• Exercise description: Under this line are the records; repeat exactly the lines starting at the one containing "Gel nettoyant visage Biotherm Homme" and ending at the one containing "Women Perfect Fit", omitting pictures.

• Material provided:
= = = =

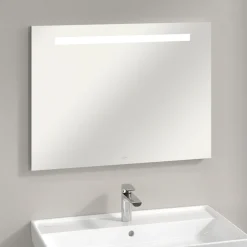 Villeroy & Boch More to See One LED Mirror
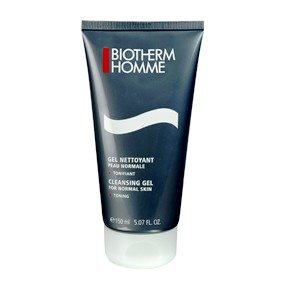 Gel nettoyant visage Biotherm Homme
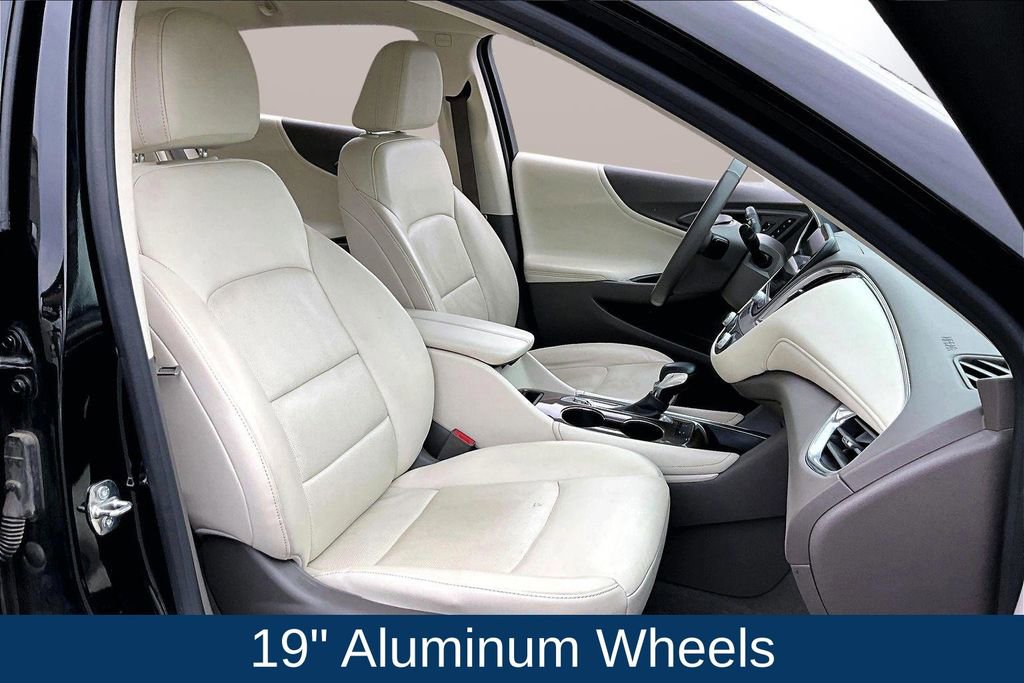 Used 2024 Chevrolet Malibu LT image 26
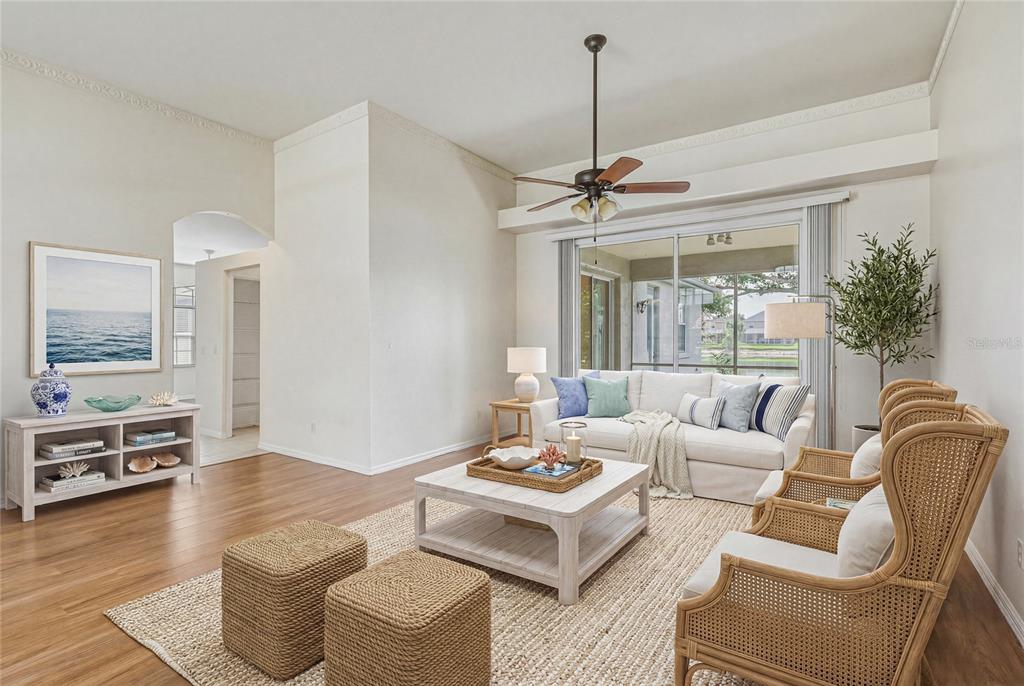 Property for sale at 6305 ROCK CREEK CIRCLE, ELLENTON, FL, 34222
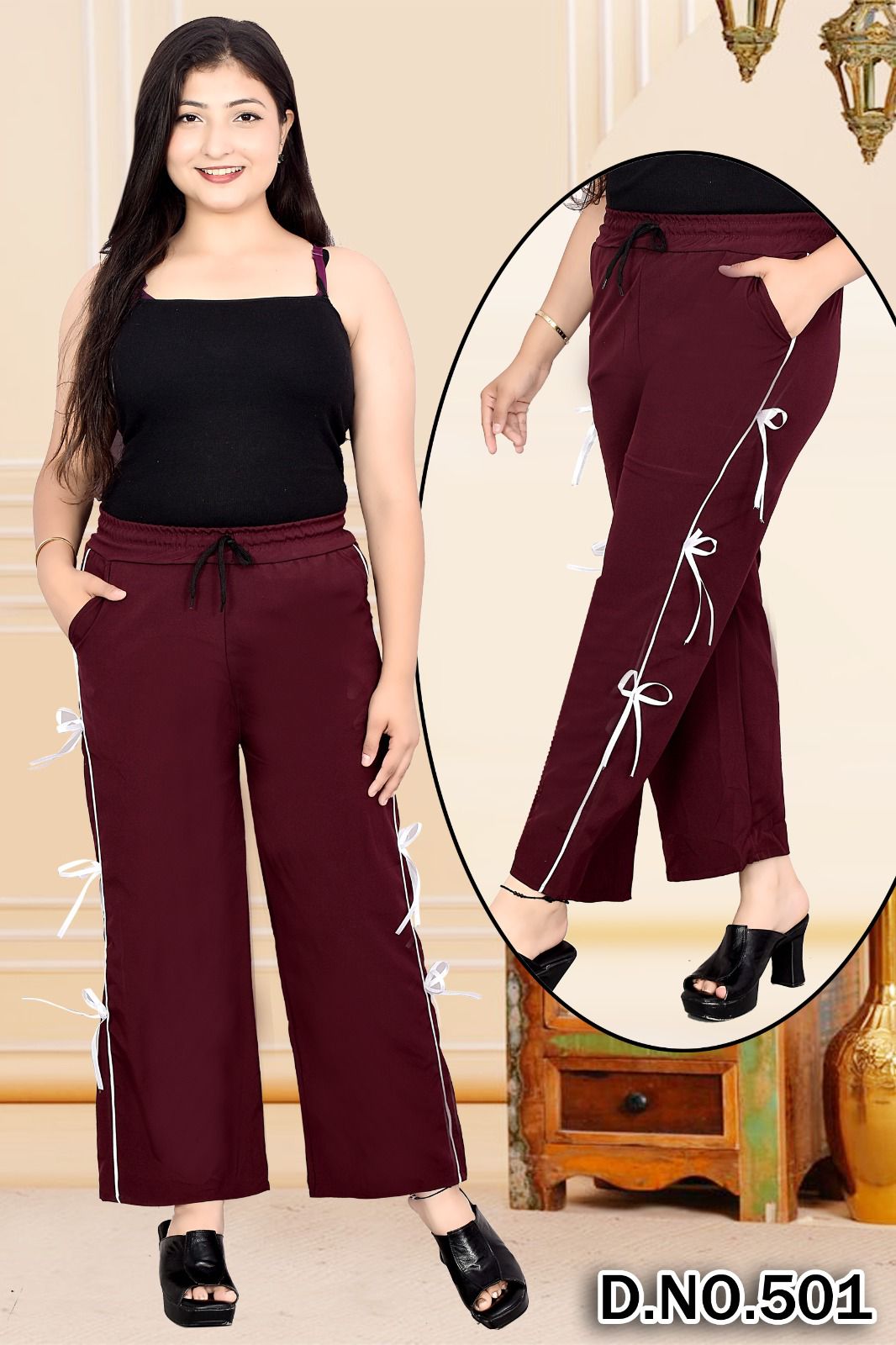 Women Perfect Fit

= = = =

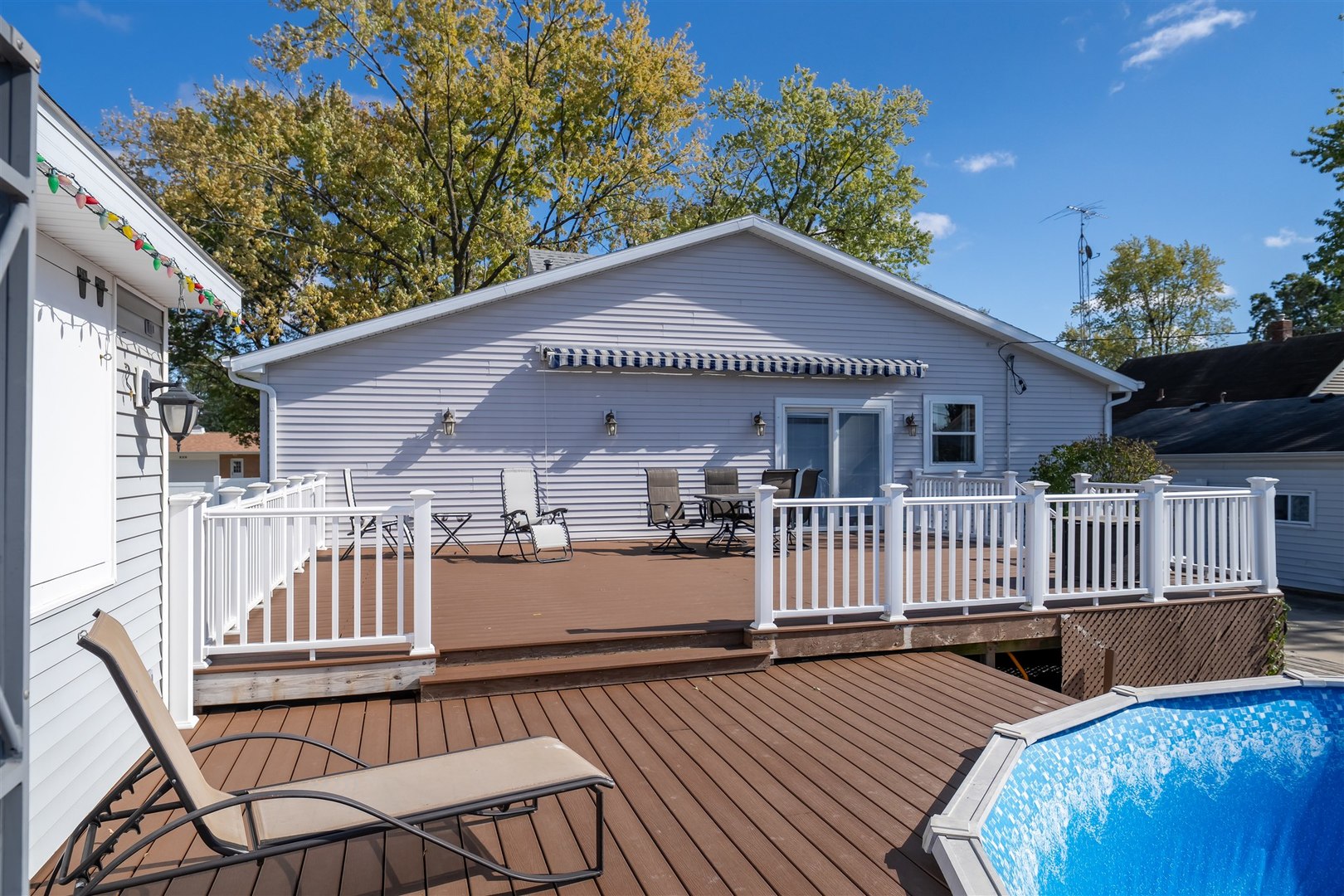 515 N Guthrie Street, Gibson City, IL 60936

= = = =

• Exercise answer:
 Gel nettoyant visage Biotherm Homme
 Used 2024 Chevrolet Malibu LT image 26
 Property for sale at 6305 ROCK CREEK CIRCLE, ELLENTON, FL, 34222
 Women Perfect Fit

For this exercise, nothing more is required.